Certains hauts responsables conservateurs ont déclaré qu’ils pensaient que leurs propres collègues du parti se seraient mieux comportés si les sondages n’avaient pas donné au parti travailliste une avance qui s’est avérée deux fois plus grande que la réalité, qui a alors dominé la couverture médiatique dans les journaux et les émissions, selon le livre.

Un retard de plus de 20 points dans la plupart des sondages a démoralisé les troupes conservatrices et a rendu plus difficile pour les chefs du parti de faire respecter la discipline parmi les politiciens élus qui se battaient pour leur propre peau, ont déclaré les responsables du parti aux auteurs.

Même les gagnants voient le problème, selon le livre. McSweeney, qui est aujourd’hui chef de cabinet de Starmer, a mené la campagne électorale travailliste qui a donné un résultat d’une efficacité dévastatrice. Selon un responsable travailliste, également anonyme, McSweeney reconnaît en privé que les sondages ont dominé la campagne et ont déformé le débat.
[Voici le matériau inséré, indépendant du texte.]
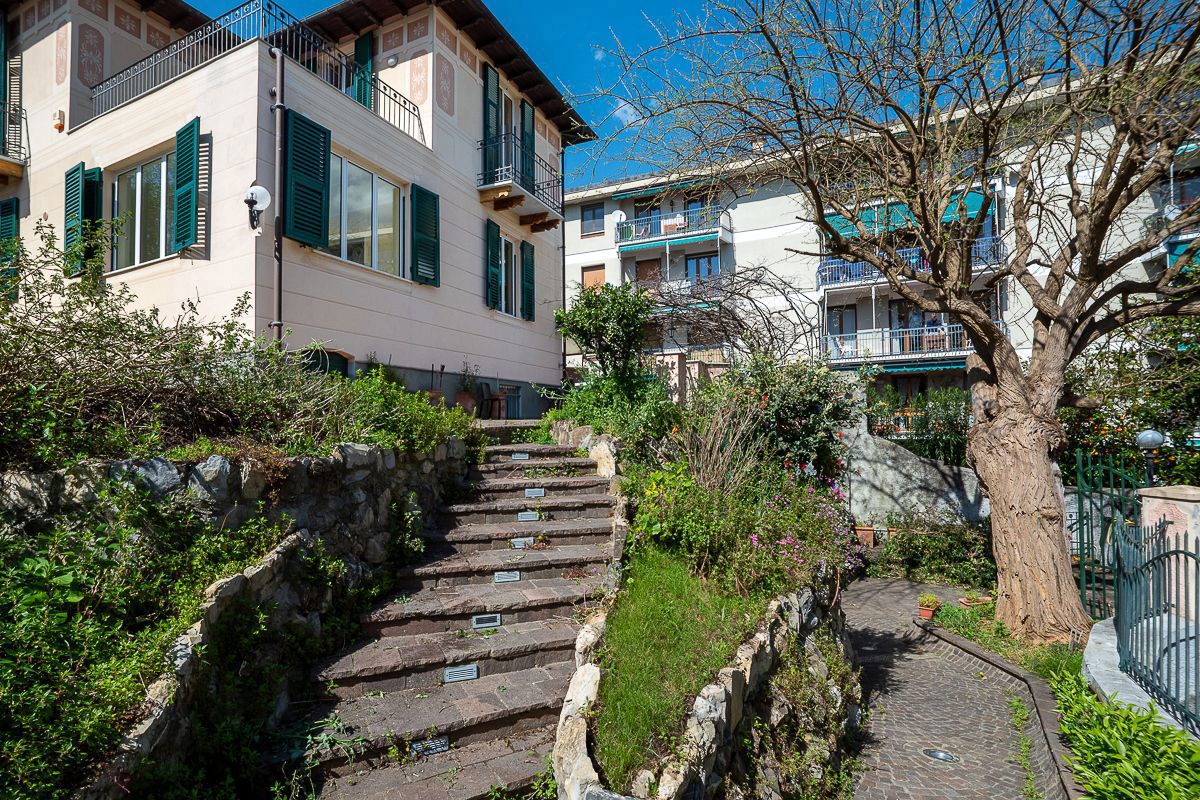 Foto 8 di 19 - Villa in vendita a Genova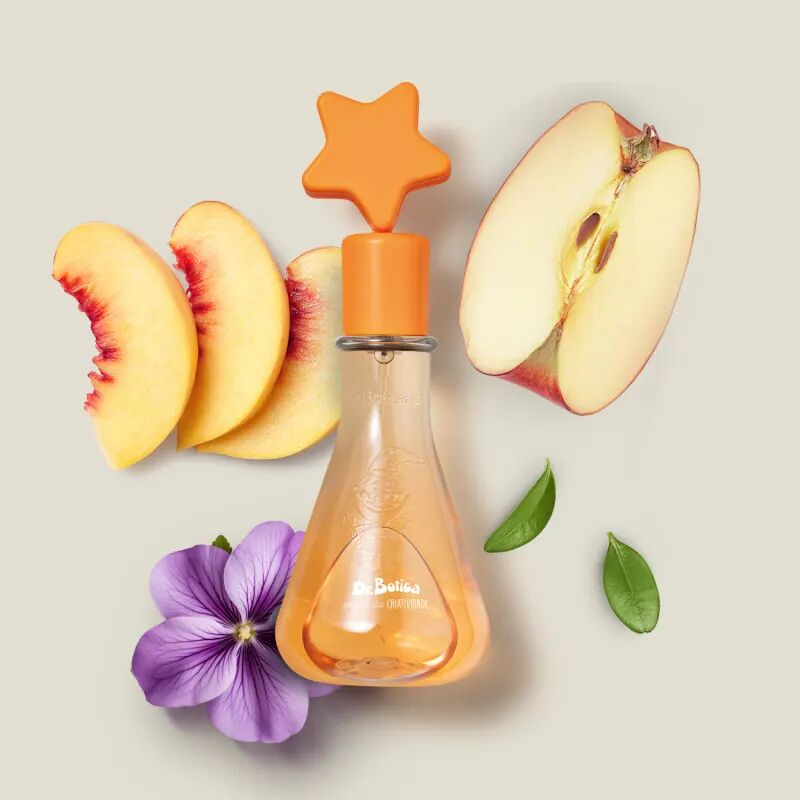 عطر ادکلن دکتر بوتیکا پوکائو دا کریاتیویداد اُ بوتیکاریو - Dr. Botica Poção da Criatividade O Boticário - بررسی، قیمت و خرید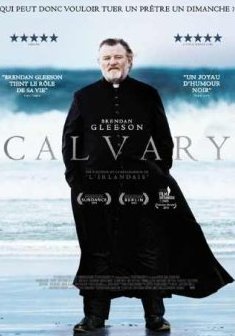 Calvary - John Michael McDonagh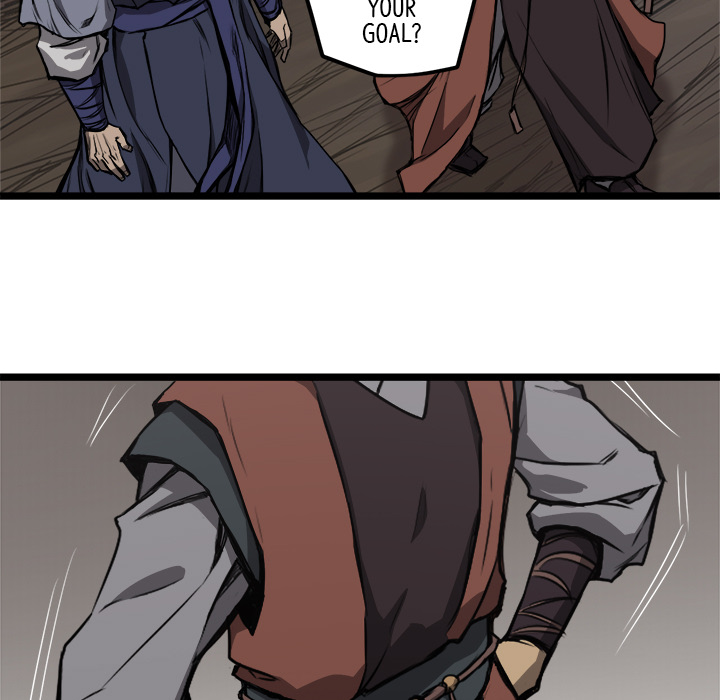 Reign Chapter 10 page 58 - 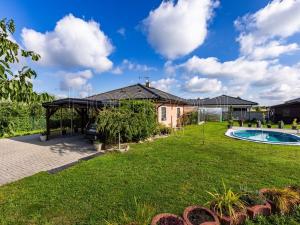 Prodej rodinného domu, Svojetice, Choceradská, 61 m2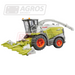 Sieczkarnia Claas Jaguar 980 Forage Harvester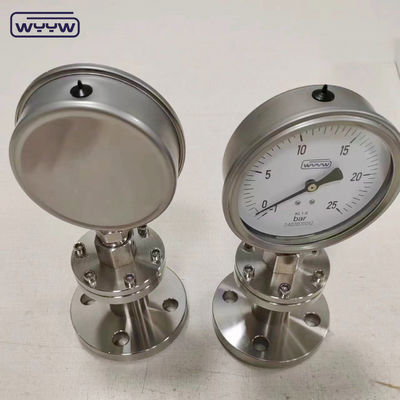Máy bơm liều lượng đo phân sạc tùy chỉnh cho tiêu chuẩn sợi BSP G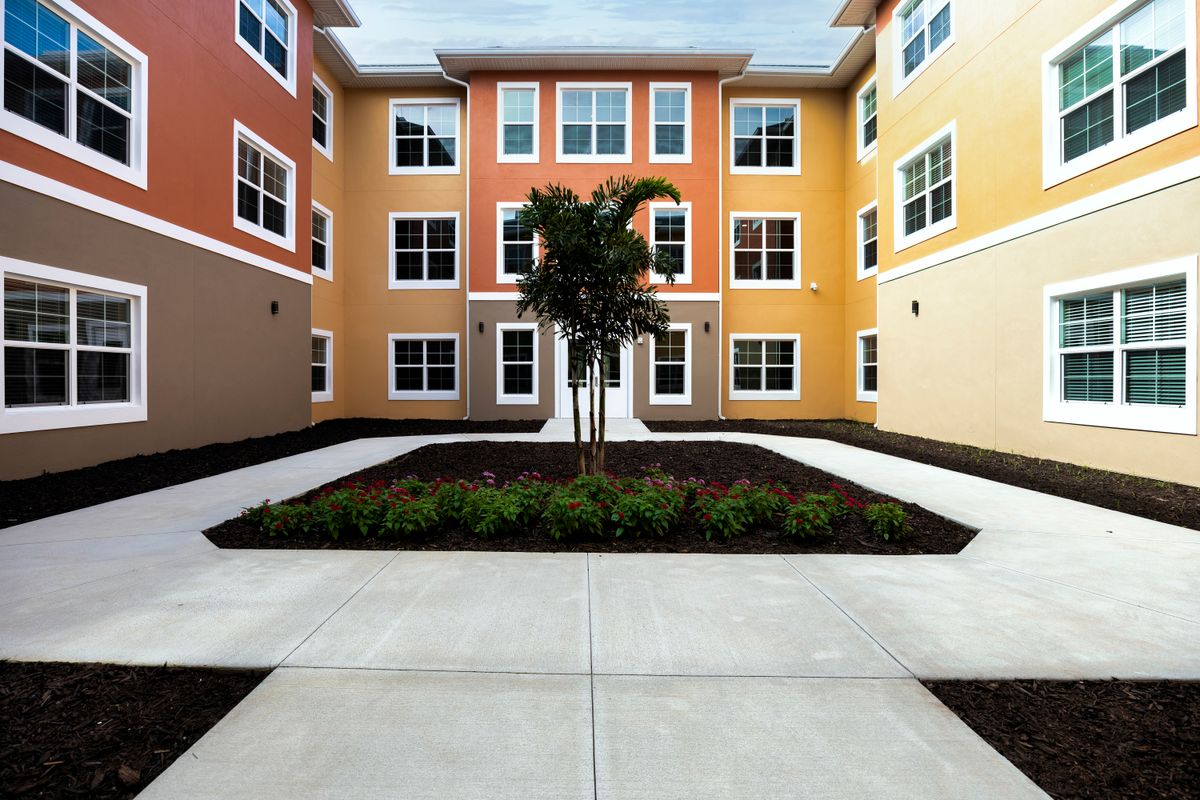 SaraBella Senior Living 3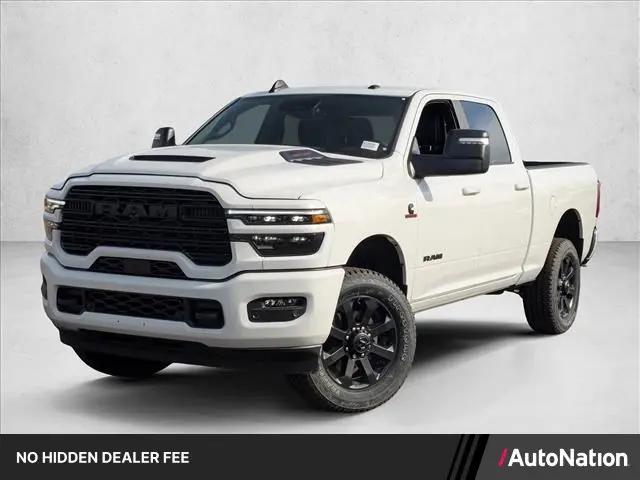 2026 Ram 2500 Laramie Crew Cab 4x4 6'4" Box for sale in Phoenix, AZ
Au lieu de se concentrer sur les offres politiques concurrentes des partis rivaux ou d’évaluer quel candidat serait le meilleur Premier ministre, les médias ont été obsédés par la taille de la majorité probable du Parti travailliste. Il est toutefois peu probable que le gouvernement travailliste modifie la loi sur les sondages, a déclaré le responsable.

Isaac Levido, le stratège australien qui a dirigé la campagne des conservateurs cette année et la campagne réussie de Boris Johnson en 2019, a déclaré qu’il était temps de réformer. | Léon Neal/Getty Images

Les pays européens, dont Chypre et l’Espagne, ont des règles interdisant la publication des sondages dans les derniers jours précédant le vote, tandis qu’en Italie, la publication des résultats des sondages est interdite pendant deux semaines avant le jour du scrutin.
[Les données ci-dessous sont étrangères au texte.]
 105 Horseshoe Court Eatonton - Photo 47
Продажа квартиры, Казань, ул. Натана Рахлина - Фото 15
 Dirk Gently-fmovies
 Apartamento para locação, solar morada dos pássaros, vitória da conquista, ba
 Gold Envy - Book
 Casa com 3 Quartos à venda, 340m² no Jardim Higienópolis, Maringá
Martin Boon, de la société de sondage britannique Deltapoll, a averti bien avant la publication des résultats américains que les sondages risquaient de sous-estimer le soutien aux Républicains.

Quant aux élections britanniques, il a déclaré que les prévisions de l’industrie des sondages étaient les pires depuis une génération. « C’est soit le pire, soit le deuxième pire résultat depuis 1979 », a déclaré Boon dans une interview pour le livre. « Il y a quelque chose de fondamentalement erroné dans les données que nous collectons. »

Pour Levido, une réponse serait de renforcer le régulateur en donnant au British Polling Council de véritables pouvoirs et le pouvoir d’imposer des sanctions aux sociétés de sondage qui échouent ou enfreignent les règles. « Si certains de ces organismes de sondage étaient sanctionnés par un organe directeur, cela aiderait », a-t-il déclaré.